# [WORK REQUEST]
Pictures aside, return every line below exactly as written.

*** DATA FOR THIS EXERCISE Section Begins ***

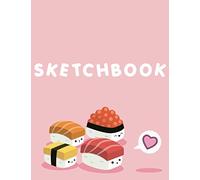 Sketchbook: Cute Kawaii Sushi Sketchbook! 110+ pages of 8.5” x 11” Blank Pages perfect for Sketching, Doodling, Drawing or as a Cute Kawaii School Supplies! (Japanese Sketchbook)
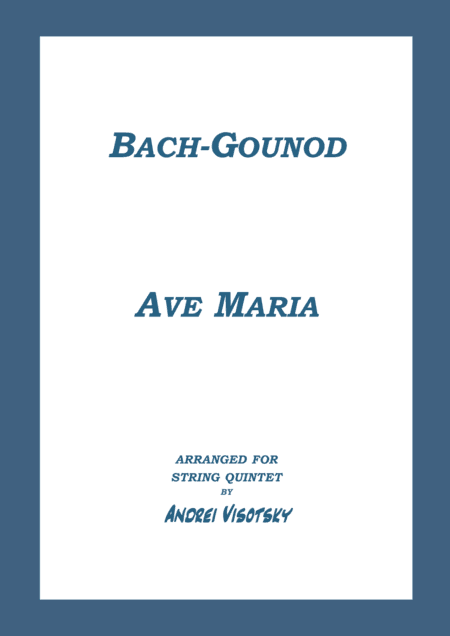 Ave Maria (arr. A. Visotsky)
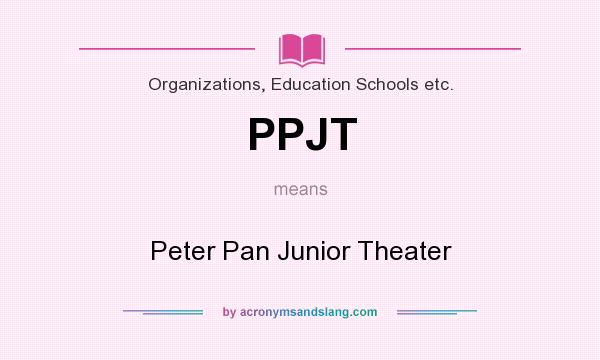 What does PPJT mean? It stands for Peter Pan Junior Theater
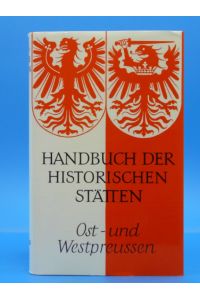 Ost- und Westpreussen. Handbuch der Historischen Stätten.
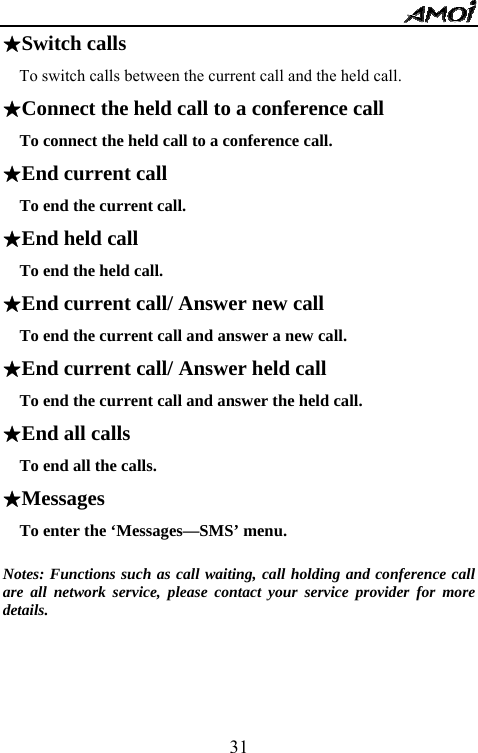   31★Switch calls   To switch calls between the current call and the held call. ★Connect the held call to a conference call   To connect the held call to a conference call. ★End current call     To end the current call. ★End held call     To end the held call. ★End current call/ Answer new call     To end the current call and answer a new call. ★End current call/ Answer held call     To end the current call and answer the held call. ★End all calls     To end all the calls. ★Messages   To enter the &lsquo;Messages&mdash;SMS&rsquo; menu.  Notes: Functions such as call waiting, call holding and conference call are all network service, please contact your service provider for more details.    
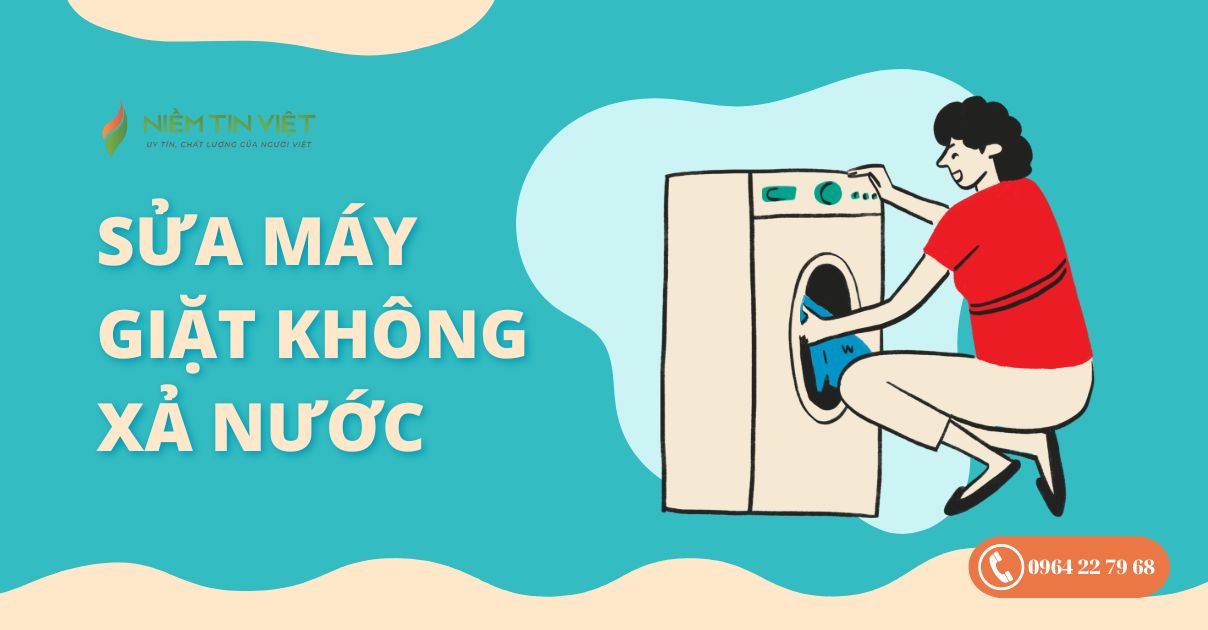 sua may giat khong xa nuoc 1 » Điện Lạnh Niềm Tin Việt 2025 Sửa máy giặt không xả nước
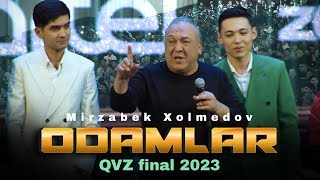 Mirzabek Xolmedov - Odamlar (QVZ final 2023)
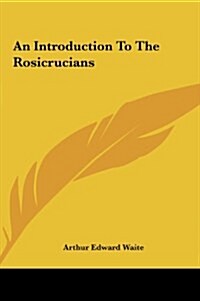 An Introduction to the Rosicrucians an Introduction to the Rosicrucians (Hardcover)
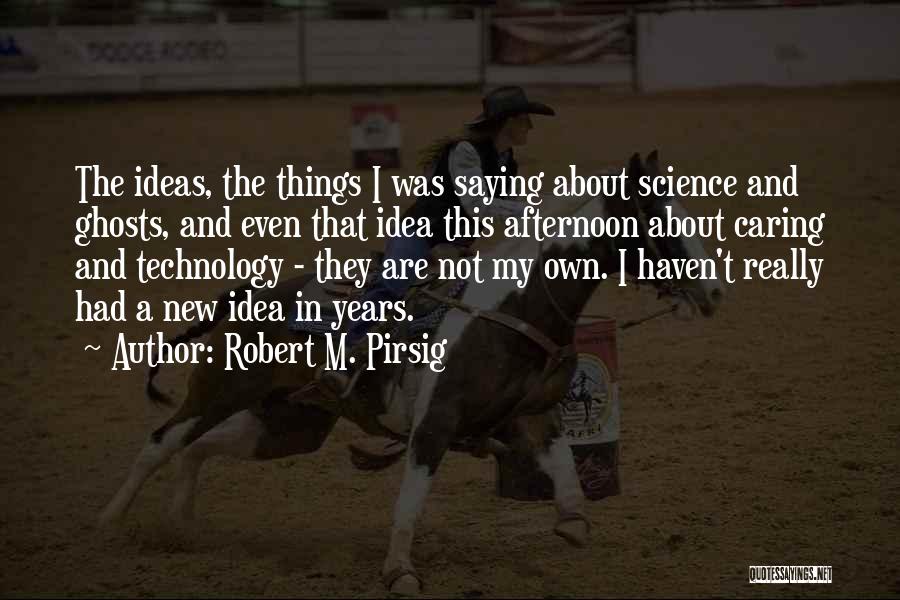 Robert M. Pirsig Quotes: The Ideas, The Things I Was Saying About Science And Ghosts, And Even That Idea This Afternoon About Caring And
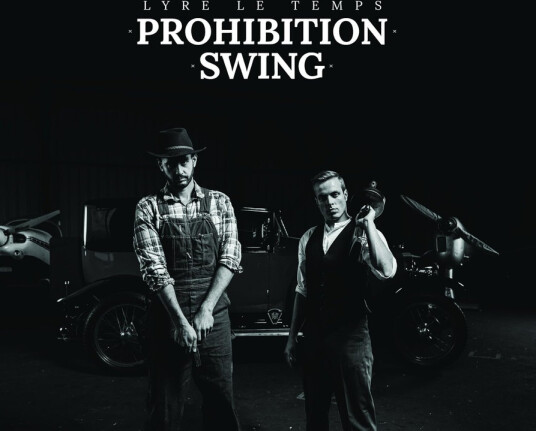 Lyre Le Temps Prohibition Swing CD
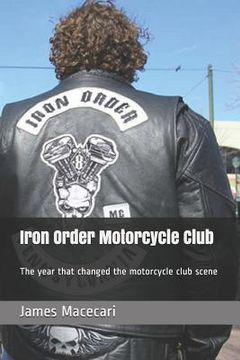 portada Iron Order Motorcycle Club: The year that changed the motorcycle club scene (en Inglés)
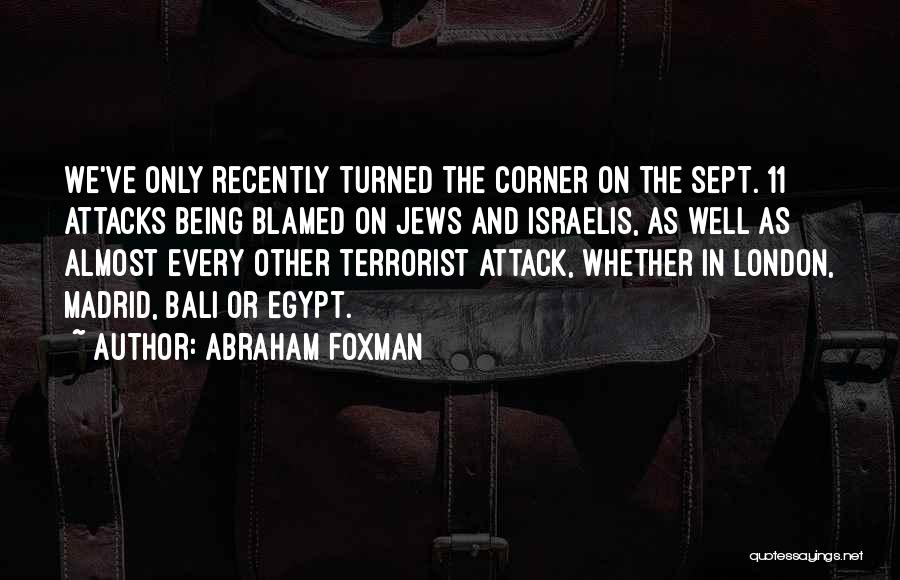 11 Sept Quotes By Abraham Foxman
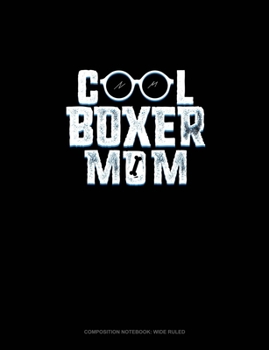 Paperback Cool Boxer Mom: Composition Notebook: Wide Ruled Book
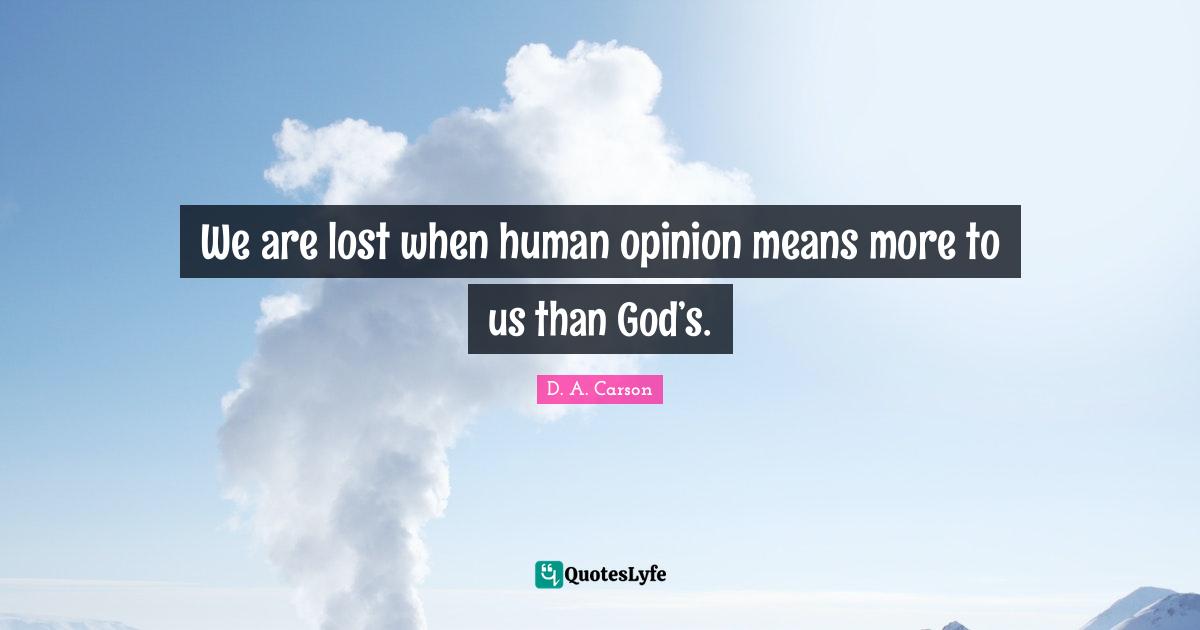 We are lost when human opinion means more to us than God’s.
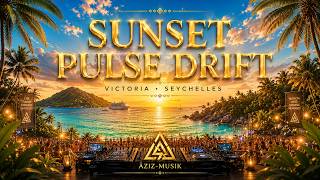 SUNSET PULSE DRIFT 🌅 | Victoria Seychelles Sunset Mix | Tropical Chill House by ÄZIZ-MUSIK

*** DATA FOR THIS EXERCISE Section Ends ***

# [TASK OUTPUT]
 Sketchbook: Cute Kawaii Sushi Sketchbook! 110+ pages of 8.5” x 11” Blank Pages perfect for Sketching, Doodling, Drawing or as a Cute Kawaii School Supplies! (Japanese Sketchbook)
 Ave Maria (arr. A. Visotsky)
 What does PPJT mean? It stands for Peter Pan Junior Theater
 Ost- und Westpreussen. Handbuch der Historischen Stätten.
   31★Switch calls   To switch calls between the current call and the held call. ★Connect the held call to a conference call   To connect the held call to a conference call. ★End current call     To end the current call. ★End held call     To end the held call. ★End current call/ Answer new call     To end the current call and answer a new call. ★End current call/ Answer held call     To end the current call and answer the held call. ★End all calls     To end all the calls. ★Messages   To enter the &lsquo;Messages&mdash;SMS&rsquo; menu.  Notes: Functions such as call waiting, call holding and conference call are all network service, please contact your service provider for more details.    
 sua may giat khong xa nuoc 1 » Điện Lạnh Niềm Tin Việt 2025 Sửa máy giặt không xả nước
 Mirzabek Xolmedov - Odamlar (QVZ final 2023)
 An Introduction to the Rosicrucians an Introduction to the Rosicrucians (Hardcover)
 Robert M. Pirsig Quotes: The Ideas, The Things I Was Saying About Science And Ghosts, And Even That Idea This Afternoon About Caring And
 Lyre Le Temps Prohibition Swing CD
 portada Iron Order Motorcycle Club: The year that changed the motorcycle club scene (en Inglés)
 11 Sept Quotes By Abraham Foxman
 Paperback Cool Boxer Mom: Composition Notebook: Wide Ruled Book
 We are lost when human opinion means more to us than God’s.
 SUNSET PULSE DRIFT 🌅 | Victoria Seychelles Sunset Mix | Tropical Chill House by ÄZIZ-MUSIK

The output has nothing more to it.